Du côté des jeunes femmes, par contre, la vision semble plus nuancée et à tout le moins plus préoccupée, tant il est vrai qu'une fois que la religion se mêle de l'état, ce sont généralement les femmes dans leur ensemble qui ont à en subir les conséquences, primaires et secondaires. Or, les islamistes (au sein desquels on note des dissidences à partir du principal parti Ennahadah) font clairement monter les enchères à l'endroit des femmes, ce, qu'ils tentent d'imposer individuellement le port du niqab à certaines en faisant pression ou qu'ils tentent d'inclure cette question religieuse dans le débat relatif aux élections et au sein de la société, amenant certains à regarder soudain d'un autre oeil des cheveux féminins qui n'ont plus posé problème à personne depuis des décennies, en Tunisie.

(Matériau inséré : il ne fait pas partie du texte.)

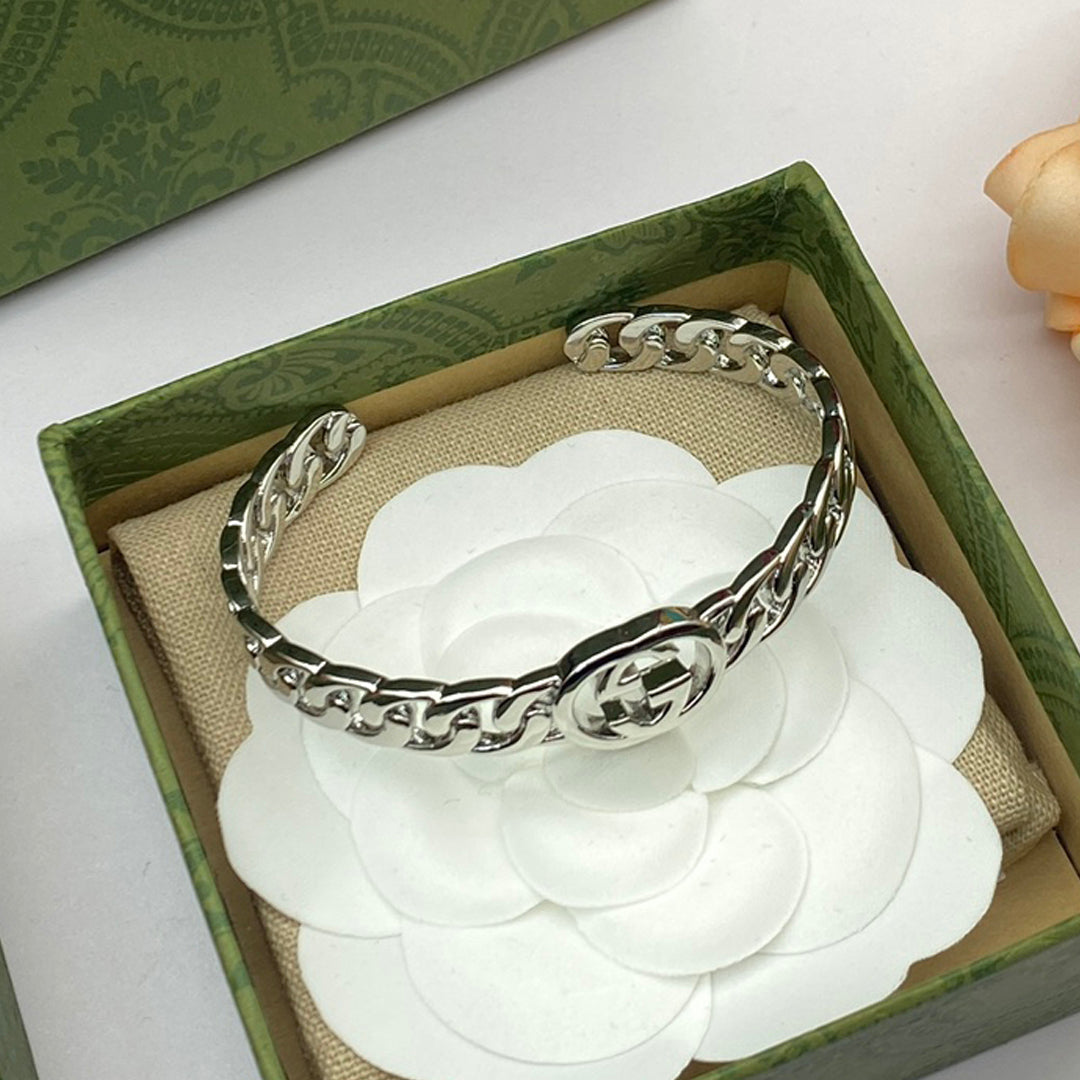 18K Gucci Chain Bracelet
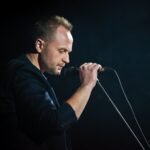 “Вона не знає молитви”: вражаюча історія кохання у новому кліпі Павла Табакова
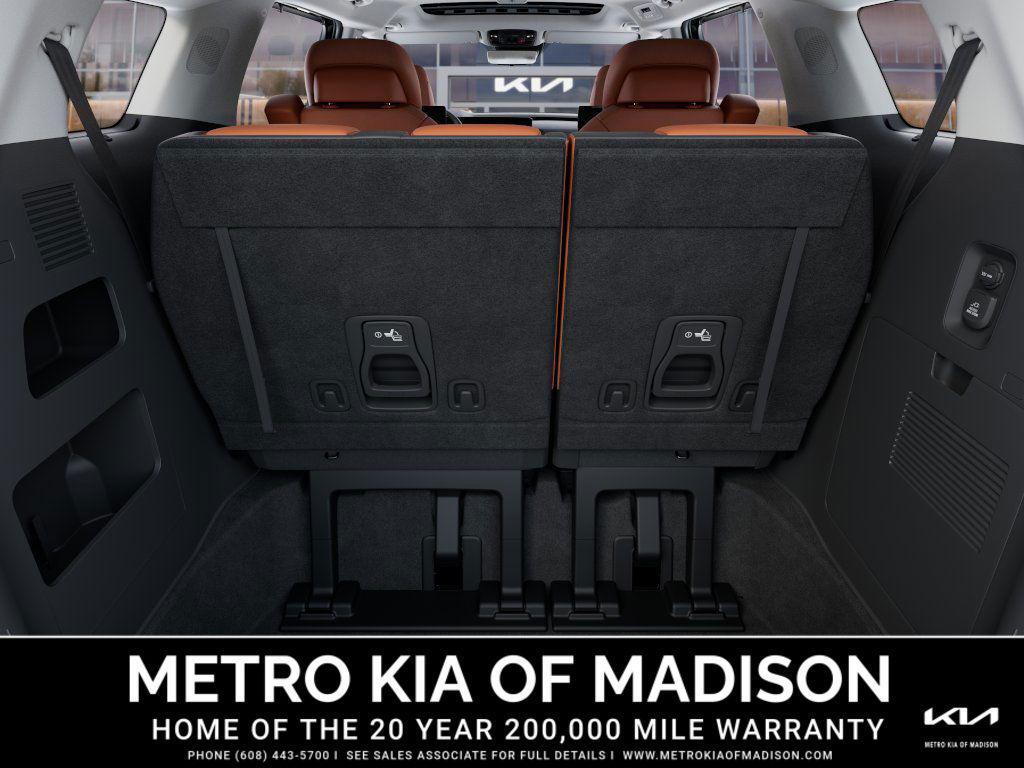 new 2026 Kia Carnival Hybrid car, priced at $57,780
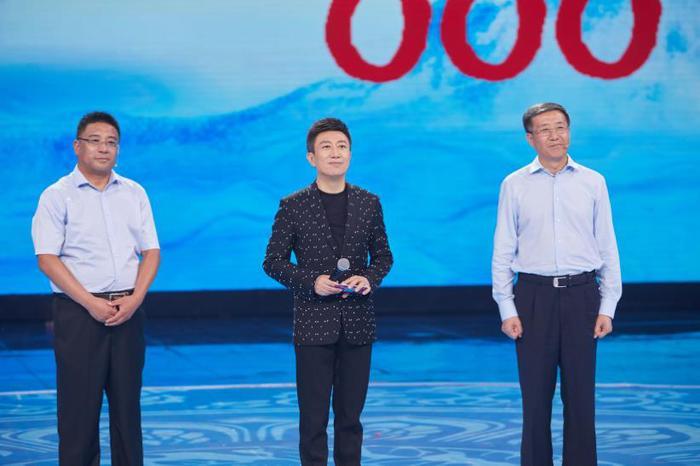 《魅力中国城》国际舞台汇聚多元文化玉树庆阳“兄弟之城”平分秋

Un trait essentiel semble tout de même réunir la plupart des Tunisiens, dont l'unanimité révolutionnaire, vue d'Europe, se double tout de même d'une profusion paradoxale de partis politiques (plus d'une centaine, à ce jour !) : plus rien ne sera comme avant, puisque la révolution a chassé Ben Ali et que les Tunisien-nes n'accepteront d'aucun pouvoir, élu ou non, un retour en arrière ou une simple variante de ce dont ils ne voulaient plus, jusqu'à le payer de leur vie, pour certains d'entre eux. Les blindés toujours présents sur l'avenue Bourghiba, devant le ministère de l'Intérieur (et l'Ambassade de France, un peu plus haut), lui-même cerné de barbelés et de soldats en arme, sont sans doute là pour le signifier. Reste à voir pour se protéger de qui.